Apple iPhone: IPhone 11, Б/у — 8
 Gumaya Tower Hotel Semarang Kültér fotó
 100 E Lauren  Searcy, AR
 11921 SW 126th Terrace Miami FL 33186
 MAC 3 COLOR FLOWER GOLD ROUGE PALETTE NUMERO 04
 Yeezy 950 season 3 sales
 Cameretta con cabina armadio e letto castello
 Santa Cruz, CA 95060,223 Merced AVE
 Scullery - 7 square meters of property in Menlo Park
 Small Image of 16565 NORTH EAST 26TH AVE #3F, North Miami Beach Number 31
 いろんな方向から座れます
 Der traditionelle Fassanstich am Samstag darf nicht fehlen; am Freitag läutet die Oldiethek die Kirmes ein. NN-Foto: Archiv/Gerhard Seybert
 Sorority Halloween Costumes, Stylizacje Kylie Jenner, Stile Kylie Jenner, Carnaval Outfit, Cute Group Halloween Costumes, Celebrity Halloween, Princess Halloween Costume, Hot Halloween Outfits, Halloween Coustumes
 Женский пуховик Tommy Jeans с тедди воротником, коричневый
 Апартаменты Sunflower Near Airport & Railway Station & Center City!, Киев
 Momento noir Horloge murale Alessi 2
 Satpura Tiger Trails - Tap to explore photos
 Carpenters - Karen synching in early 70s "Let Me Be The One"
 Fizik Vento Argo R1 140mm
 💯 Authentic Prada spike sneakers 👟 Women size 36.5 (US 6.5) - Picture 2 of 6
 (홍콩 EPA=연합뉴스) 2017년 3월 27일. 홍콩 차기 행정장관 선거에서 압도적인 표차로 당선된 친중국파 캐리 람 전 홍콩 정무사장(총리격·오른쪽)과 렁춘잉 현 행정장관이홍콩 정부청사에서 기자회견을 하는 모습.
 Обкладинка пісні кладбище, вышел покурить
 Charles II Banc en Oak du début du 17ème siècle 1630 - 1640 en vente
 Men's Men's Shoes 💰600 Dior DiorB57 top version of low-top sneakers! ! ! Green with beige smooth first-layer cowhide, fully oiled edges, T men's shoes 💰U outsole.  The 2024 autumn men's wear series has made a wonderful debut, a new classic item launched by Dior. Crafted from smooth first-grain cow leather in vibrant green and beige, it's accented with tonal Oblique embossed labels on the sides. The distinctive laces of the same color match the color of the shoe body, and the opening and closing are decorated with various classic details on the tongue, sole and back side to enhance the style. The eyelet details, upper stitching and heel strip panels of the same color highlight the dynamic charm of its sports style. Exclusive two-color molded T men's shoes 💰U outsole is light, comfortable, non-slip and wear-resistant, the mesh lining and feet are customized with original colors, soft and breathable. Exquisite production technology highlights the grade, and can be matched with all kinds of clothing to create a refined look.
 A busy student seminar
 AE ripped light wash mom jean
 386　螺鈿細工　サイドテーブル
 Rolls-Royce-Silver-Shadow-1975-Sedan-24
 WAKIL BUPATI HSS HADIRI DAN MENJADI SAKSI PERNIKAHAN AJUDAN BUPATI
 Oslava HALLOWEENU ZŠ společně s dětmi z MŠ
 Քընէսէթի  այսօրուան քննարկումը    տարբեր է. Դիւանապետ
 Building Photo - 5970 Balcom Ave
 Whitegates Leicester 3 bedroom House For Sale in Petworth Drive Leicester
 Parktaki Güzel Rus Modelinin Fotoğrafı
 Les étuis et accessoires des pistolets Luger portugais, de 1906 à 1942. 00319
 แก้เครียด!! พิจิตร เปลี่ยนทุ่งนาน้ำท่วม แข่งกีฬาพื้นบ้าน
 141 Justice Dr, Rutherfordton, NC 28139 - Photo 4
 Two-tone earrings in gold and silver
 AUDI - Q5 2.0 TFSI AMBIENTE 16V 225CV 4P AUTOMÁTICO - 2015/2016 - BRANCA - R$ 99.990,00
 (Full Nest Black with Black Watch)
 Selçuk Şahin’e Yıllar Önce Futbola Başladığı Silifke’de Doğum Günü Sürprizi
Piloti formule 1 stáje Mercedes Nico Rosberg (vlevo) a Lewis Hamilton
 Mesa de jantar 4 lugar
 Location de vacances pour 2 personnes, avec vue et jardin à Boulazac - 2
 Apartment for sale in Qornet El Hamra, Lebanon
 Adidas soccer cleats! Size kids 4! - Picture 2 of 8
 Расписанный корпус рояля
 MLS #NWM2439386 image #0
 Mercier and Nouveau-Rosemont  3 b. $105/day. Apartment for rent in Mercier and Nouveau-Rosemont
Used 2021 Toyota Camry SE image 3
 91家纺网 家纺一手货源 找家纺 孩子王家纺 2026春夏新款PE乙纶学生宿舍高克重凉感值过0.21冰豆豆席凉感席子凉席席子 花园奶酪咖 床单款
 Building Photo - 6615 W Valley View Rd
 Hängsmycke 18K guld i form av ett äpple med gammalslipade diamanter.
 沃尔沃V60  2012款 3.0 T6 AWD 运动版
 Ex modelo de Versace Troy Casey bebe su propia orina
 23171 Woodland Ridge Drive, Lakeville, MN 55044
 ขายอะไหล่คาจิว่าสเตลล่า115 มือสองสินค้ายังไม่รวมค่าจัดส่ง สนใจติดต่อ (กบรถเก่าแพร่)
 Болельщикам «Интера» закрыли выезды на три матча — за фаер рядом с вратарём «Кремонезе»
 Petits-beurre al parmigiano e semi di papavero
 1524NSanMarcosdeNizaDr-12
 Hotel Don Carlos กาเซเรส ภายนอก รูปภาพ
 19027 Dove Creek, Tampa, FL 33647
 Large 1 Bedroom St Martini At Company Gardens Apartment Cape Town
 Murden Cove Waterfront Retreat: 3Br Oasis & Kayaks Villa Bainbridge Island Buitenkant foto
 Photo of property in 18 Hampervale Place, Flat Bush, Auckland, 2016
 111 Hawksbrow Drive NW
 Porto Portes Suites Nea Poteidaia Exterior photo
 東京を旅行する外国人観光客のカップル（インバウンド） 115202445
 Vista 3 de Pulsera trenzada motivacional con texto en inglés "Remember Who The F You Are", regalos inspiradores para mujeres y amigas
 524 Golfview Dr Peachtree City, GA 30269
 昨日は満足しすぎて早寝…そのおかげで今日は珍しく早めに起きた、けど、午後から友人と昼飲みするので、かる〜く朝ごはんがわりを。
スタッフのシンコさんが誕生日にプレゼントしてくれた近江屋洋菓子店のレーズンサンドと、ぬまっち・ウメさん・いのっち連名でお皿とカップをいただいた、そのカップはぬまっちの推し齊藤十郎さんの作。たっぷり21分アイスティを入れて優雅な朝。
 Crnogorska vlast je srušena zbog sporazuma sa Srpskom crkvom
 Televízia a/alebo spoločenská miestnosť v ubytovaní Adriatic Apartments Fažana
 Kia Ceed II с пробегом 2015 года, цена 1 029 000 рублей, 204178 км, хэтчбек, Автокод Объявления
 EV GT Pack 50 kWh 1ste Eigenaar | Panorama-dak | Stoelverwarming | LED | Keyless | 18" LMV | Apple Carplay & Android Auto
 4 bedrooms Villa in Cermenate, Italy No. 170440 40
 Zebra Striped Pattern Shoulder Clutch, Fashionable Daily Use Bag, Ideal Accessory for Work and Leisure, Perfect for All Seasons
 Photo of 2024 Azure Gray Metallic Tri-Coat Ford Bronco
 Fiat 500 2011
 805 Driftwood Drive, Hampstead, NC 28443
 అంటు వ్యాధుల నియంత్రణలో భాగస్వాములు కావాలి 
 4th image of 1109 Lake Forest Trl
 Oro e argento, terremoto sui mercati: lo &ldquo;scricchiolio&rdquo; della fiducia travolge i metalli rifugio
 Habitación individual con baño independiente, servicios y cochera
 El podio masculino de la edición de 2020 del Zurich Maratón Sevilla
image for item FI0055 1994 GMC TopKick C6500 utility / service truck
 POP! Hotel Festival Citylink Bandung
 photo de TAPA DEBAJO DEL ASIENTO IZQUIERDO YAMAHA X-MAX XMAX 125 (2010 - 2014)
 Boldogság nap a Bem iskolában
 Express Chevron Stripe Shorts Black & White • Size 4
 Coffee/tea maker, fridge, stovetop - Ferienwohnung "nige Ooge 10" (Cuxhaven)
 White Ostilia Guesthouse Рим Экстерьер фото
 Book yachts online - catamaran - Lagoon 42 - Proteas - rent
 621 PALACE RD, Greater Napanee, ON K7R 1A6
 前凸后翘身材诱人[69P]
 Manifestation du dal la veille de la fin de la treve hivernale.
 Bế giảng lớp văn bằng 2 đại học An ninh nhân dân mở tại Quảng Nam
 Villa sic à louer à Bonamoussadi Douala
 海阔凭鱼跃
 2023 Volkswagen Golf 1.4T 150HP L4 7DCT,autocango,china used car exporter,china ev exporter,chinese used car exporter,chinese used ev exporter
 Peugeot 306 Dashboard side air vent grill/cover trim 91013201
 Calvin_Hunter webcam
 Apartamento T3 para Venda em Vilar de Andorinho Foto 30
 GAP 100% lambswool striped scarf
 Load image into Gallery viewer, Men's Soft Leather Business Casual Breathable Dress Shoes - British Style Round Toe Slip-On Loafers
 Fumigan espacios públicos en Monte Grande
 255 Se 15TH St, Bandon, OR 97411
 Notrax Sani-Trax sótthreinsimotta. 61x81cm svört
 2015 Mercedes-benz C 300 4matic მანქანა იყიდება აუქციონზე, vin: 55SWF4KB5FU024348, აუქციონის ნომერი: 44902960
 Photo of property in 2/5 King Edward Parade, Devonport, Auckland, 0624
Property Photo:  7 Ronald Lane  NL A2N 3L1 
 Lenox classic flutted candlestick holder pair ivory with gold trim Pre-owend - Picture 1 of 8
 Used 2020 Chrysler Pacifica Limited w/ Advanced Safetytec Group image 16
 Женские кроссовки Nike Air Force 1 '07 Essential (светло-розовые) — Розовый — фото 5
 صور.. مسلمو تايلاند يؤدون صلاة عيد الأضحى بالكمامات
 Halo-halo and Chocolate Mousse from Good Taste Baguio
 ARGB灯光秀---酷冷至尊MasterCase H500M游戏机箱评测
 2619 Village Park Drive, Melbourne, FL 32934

+ + +

Directions: Using the data above, reproduce exactly the lines between those holding "Express Chevron Stripe" and "Photo of property in 2/5", inclusive, and no others.

Answer section:
 Express Chevron Stripe Shorts Black & White • Size 4
 Coffee/tea maker, fridge, stovetop - Ferienwohnung "nige Ooge 10" (Cuxhaven)
 White Ostilia Guesthouse Рим Экстерьер фото
 Book yachts online - catamaran - Lagoon 42 - Proteas - rent
 621 PALACE RD, Greater Napanee, ON K7R 1A6
 前凸后翘身材诱人[69P]
 Manifestation du dal la veille de la fin de la treve hivernale.
 Bế giảng lớp văn bằng 2 đại học An ninh nhân dân mở tại Quảng Nam
 Villa sic à louer à Bonamoussadi Douala
 海阔凭鱼跃
 2023 Volkswagen Golf 1.4T 150HP L4 7DCT,autocango,china used car exporter,china ev exporter,chinese used car exporter,chinese used ev exporter
 Peugeot 306 Dashboard side air vent grill/cover trim 91013201
 Calvin_Hunter webcam
 Apartamento T3 para Venda em Vilar de Andorinho Foto 30
 GAP 100% lambswool striped scarf
 Load image into Gallery viewer, Men's Soft Leather Business Casual Breathable Dress Shoes - British Style Round Toe Slip-On Loafers
 Fumigan espacios públicos en Monte Grande
 255 Se 15TH St, Bandon, OR 97411
 Notrax Sani-Trax sótthreinsimotta. 61x81cm svört
 2015 Mercedes-benz C 300 4matic მანქანა იყიდება აუქციონზე, vin: 55SWF4KB5FU024348, აუქციონის ნომერი: 44902960
 Photo of property in 2/5 King Edward Parade, Devonport, Auckland, 0624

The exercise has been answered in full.